Opinion

Tom Collins: Unionism faces its day of reckoning

Tom Collins

Tom Collins

Tom Collins is an Irish News columnist and former editor of the newspaper.

DUP MP Sir Jeffrey Donaldson, launches his campaign to become leader of the DUP on Monday. Photo: Liam McBurney/PA Wire
DUP MP Sir Jeffrey Donaldson, launches his campaign to become leader of the DUP on Monday. Photo: Liam McBurney/PA Wire DUP MP Sir Jeffrey Donaldson, launches his campaign to become leader of the DUP on Monday. Photo: Liam McBurney/PA Wire

So here we are, four days into a new century under partition. How is it going for you? ‘Grim’ is the word, particularly if you are a unionist.

It’s a savage irony that the first minister was deposed ahead of this bleak anniversary; and greater irony still that Arlene Foster’s demise was hastened by the intervention of loyalist paramilitaries who intimidated her colleagues. They haven’t gone away, you know.

Northern Ireland was the construct of loyalist paramilitaries led by Edward Carson and James Craig. The UVF was conceived as a private army before it was nationalised and rebranded the Ulster Special Constabulary.

It remained the attack dog for successive unionist governments who used every device at their disposal to subjugate nationalists.

Everything they did was entirely legal – vote rigging, discrimination, human rights abuses. It was legal because they made the law.

All the wrongs of one-party rule were there to be seen – hiding in plain sight as they say. British governments looked the other way.

For Lloyd George, partition was a way of outsourcing colonialism in Ireland. The Foreign Office didn’t have to worry about subjugating the natives, the Unionist Party would do it for them.

It must be said that, once they had got over partition, the Irish government did the much same thing. It looked in on itself until the violence of the 1960s could no longer be ignored, and an anguished taoiseach, Jack Lynch, called for the intervention of the United Nations.

“…The Irish Government can no longer stand by and see innocent people injured and perhaps worse,” he said. But it did, until the Anglo-Irish Agreement gave it a formal role as an honest broker for the nationalist community.

Unionist leaders – and the DUP in particular - make much of Sinn Féin’s roots in violent republicanism, and there are debating points to be had over memorials and commemorations.

But - and this is a big but - they seem to be completely oblivious to the way loyalist paramilitarism has infiltrated the warp and weft of their own politics – as Mrs Foster has found to her cost.

This ‘hear no evil, see no evil’ approach does not wash – unless you’re the historically-illiterate Brandon Lewis, and his inept boss, Boris Johnson.

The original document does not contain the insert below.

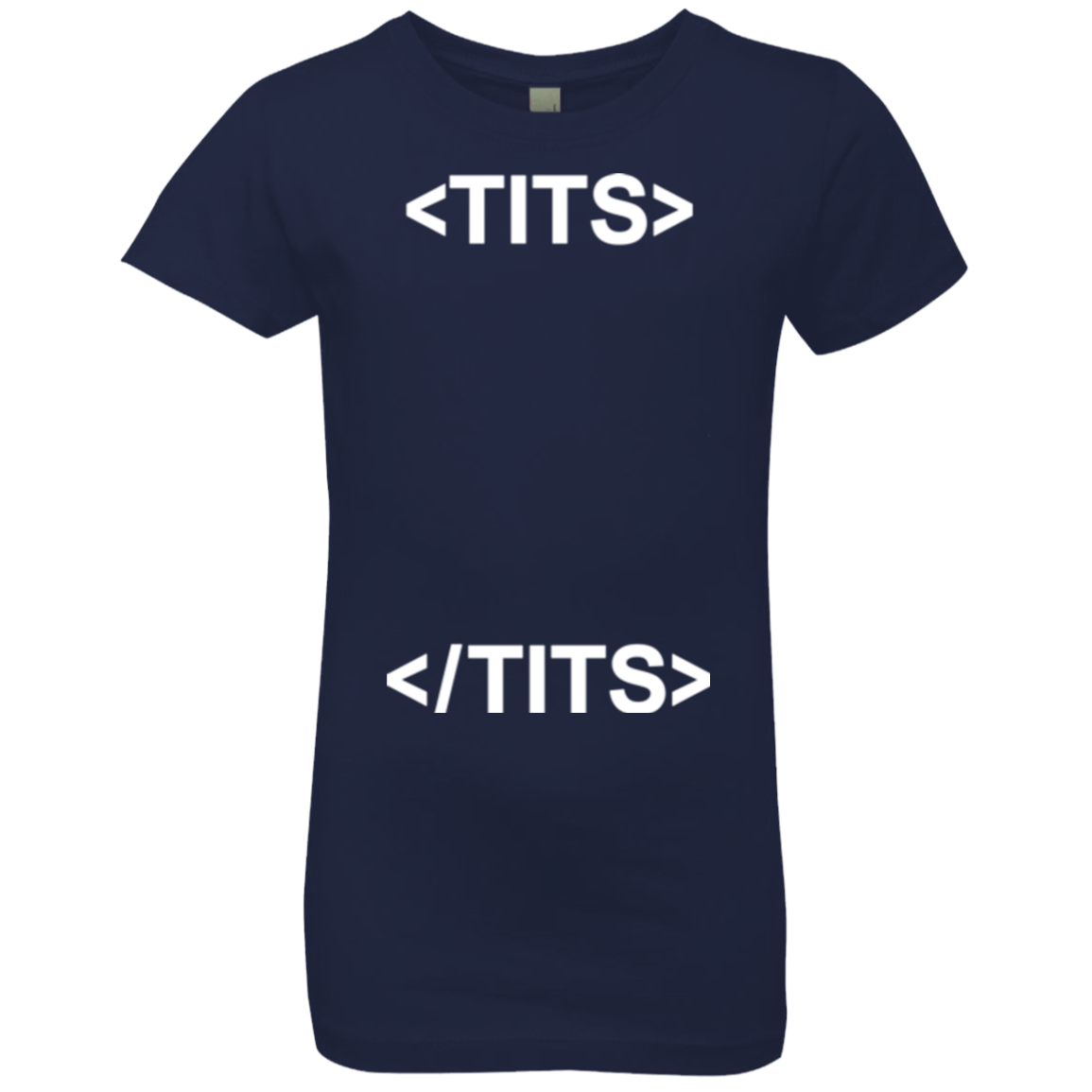 T-Shirts Midnight Navy / YXS Tits Girls Premium T-Shirt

But then they have both declared themselves unionists – even if sticking a border down the Irish Sea is an odd way of showing it.

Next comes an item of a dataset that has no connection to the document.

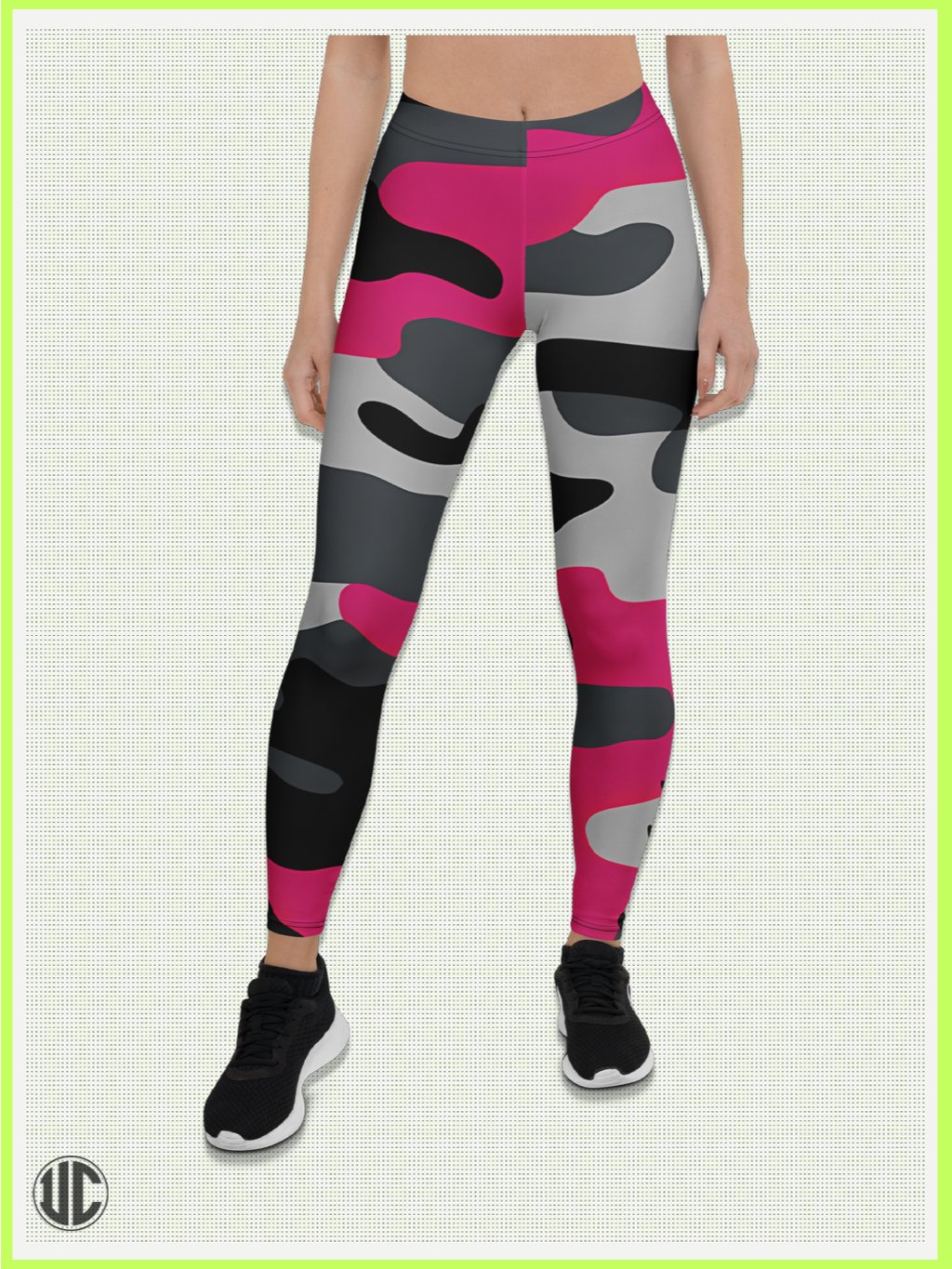 Savage Pink Camo – Women’s Leggings product image (1)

We know, of course, that members of the DUP are British only when it suits them.

The evidence for that is clear enough in the debates over LGBTQ+ rights and women’s health; and they are democrats only when they have the upper hand. Any pressure and it’s bring out the red berets, climb a mountain waving gun licences, invite the Loyalist Communities Council round for afternoon tea and a chin wag.

Nationalists talk a lot about Northern Ireland being a failed state. There’s more than enough evidence for that – so successful has it been at failure that the rest of the UK is now rushing to catch up.

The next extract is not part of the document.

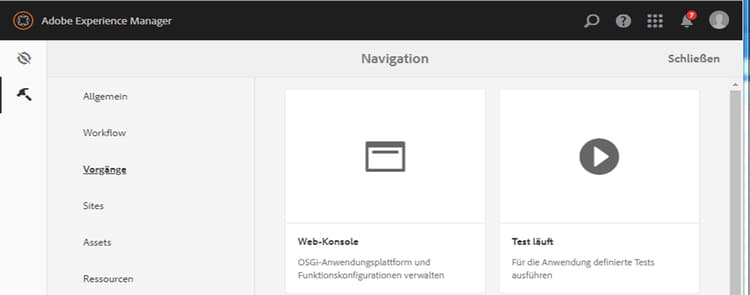 Snapshot zum CRX-Repository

Not only has it failed nationalists, it has failed unionists too – in particular it has failed most that generation of unionists who should have benefited from the Good Friday Agreement and the peace process, but who are languishing on the dole and being fed false information that this is because nationalists now have the upper hand.

Let us not forget that Mrs Foster – who channelled her inner peacenik in a resignation speech that could have been written by St Francis of Assisi – walked away from the peace talks; as did Sir Jeffrey Donaldson, now presenting himself as the voice of reason.

A political ideology that cannot respect the indigenous language of the place they claim to love; that cannot deal in a civil way with those representing their fellow citizens; and which cannot work with those who share this island for the betterment of their people, is not sustainable.

Seen another way, the centenary they celebrate this week was but their first step away from the United Kingdom, for the first half of that century they embedded separatism, and for the second half, obduracy aided the steady erosion of their ties to a nation that does not even want them.

As Alex Kane said here this week, unionism has a choice to make.

But that choice is not whether the union’s salvation lies in the hands of a knight of the realm, or indeed a man who believes God only thought the earth was ‘a good idea’ 6,000 years ago.